- **Task data**
_ _ _ _ _ _ _

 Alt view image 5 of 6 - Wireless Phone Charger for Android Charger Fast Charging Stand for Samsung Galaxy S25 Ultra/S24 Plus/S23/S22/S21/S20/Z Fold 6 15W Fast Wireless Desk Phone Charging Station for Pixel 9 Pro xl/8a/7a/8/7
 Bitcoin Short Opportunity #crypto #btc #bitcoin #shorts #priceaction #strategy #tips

_ _ _ _ _ _ _

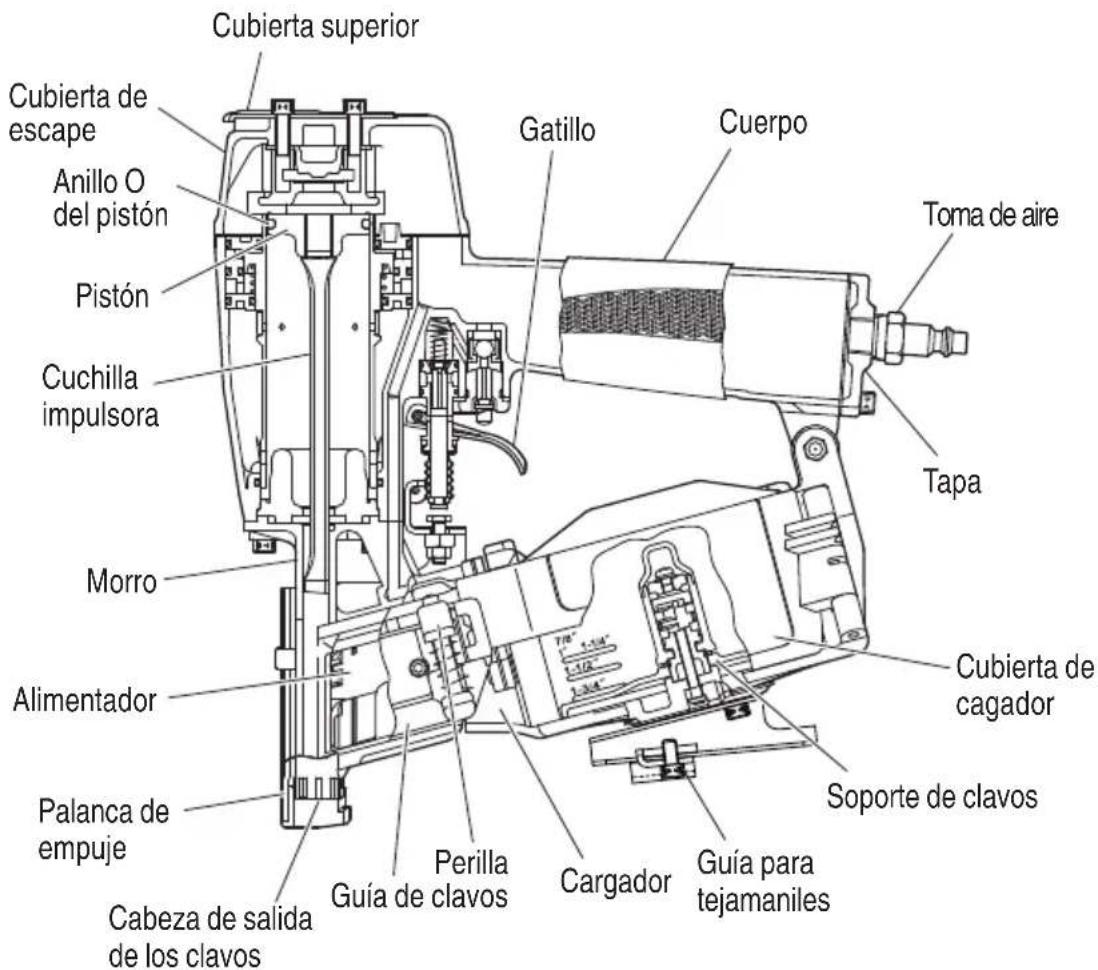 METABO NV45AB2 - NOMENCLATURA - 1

_ _ _ _ _ _ _

- **Instructions for the task**
Look through the entries above and quote exactly the lines from the line with "Alt view image" to the line with "Bitcoin Short Opportunity", counting both of those lines.

- **Answer section**
 Alt view image 5 of 6 - Wireless Phone Charger for Android Charger Fast Charging Stand for Samsung Galaxy S25 Ultra/S24 Plus/S23/S22/S21/S20/Z Fold 6 15W Fast Wireless Desk Phone Charging Station for Pixel 9 Pro xl/8a/7a/8/7
 Bitcoin Short Opportunity #crypto #btc #bitcoin #shorts #priceaction #strategy #tips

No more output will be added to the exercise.